◆ **Required action**: Given the entries that follow, write out exactly the lines starting at the one containing "Vita vm13, un" and ending at the one containing "C3a er en betennelsesmediator", both ends included, and only those.

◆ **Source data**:
· · ·

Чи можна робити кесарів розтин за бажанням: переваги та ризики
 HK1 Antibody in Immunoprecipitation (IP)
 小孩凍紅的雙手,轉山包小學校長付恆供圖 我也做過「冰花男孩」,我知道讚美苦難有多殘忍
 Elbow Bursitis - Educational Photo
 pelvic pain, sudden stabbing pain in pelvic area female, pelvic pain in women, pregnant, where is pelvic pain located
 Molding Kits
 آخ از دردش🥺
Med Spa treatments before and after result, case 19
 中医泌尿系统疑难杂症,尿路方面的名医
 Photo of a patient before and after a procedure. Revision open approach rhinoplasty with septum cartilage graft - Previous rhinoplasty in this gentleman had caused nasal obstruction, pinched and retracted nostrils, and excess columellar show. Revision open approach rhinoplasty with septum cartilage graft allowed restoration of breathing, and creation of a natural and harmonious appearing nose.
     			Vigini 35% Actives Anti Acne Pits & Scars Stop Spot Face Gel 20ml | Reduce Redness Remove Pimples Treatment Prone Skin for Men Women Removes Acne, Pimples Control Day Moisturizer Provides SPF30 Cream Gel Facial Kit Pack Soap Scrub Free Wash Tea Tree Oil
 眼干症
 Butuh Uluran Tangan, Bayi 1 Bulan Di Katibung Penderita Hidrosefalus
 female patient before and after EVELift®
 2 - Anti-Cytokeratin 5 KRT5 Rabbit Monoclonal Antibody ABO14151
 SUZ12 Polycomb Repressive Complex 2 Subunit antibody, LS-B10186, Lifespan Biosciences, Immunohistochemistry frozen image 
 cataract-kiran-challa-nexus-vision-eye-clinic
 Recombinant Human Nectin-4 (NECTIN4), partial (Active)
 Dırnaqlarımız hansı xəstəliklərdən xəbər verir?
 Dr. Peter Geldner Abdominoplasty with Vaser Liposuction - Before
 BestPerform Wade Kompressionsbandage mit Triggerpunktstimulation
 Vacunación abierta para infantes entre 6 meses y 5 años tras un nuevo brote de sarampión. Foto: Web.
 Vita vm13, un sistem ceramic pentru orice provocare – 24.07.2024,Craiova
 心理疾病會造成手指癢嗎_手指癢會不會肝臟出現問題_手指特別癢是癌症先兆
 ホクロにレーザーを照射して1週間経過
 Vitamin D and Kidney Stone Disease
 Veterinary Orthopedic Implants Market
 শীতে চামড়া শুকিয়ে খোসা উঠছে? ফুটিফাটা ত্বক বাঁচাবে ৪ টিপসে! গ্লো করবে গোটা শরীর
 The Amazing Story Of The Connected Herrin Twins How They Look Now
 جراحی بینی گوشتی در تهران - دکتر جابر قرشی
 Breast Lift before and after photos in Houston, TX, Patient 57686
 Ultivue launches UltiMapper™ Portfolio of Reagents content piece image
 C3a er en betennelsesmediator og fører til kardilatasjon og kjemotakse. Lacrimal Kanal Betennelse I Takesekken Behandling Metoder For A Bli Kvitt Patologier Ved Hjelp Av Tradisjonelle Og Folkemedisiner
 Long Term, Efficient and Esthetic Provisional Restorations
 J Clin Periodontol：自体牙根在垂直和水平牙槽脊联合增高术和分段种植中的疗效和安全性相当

· · ·

◆ **Task result**:
 Vita vm13, un sistem ceramic pentru orice provocare – 24.07.2024,Craiova
 心理疾病會造成手指癢嗎_手指癢會不會肝臟出現問題_手指特別癢是癌症先兆
 ホクロにレーザーを照射して1週間経過
 Vitamin D and Kidney Stone Disease
 Veterinary Orthopedic Implants Market
 শীতে চামড়া শুকিয়ে খোসা উঠছে? ফুটিফাটা ত্বক বাঁচাবে ৪ টিপসে! গ্লো করবে গোটা শরীর
 The Amazing Story Of The Connected Herrin Twins How They Look Now
 جراحی بینی گوشتی در تهران - دکتر جابر قرشی
 Breast Lift before and after photos in Houston, TX, Patient 57686
 Ultivue launches UltiMapper™ Portfolio of Reagents content piece image
 C3a er en betennelsesmediator og fører til kardilatasjon og kjemotakse. Lacrimal Kanal Betennelse I Takesekken Behandling Metoder For A Bli Kvitt Patologier Ved Hjelp Av Tradisjonelle Og Folkemedisiner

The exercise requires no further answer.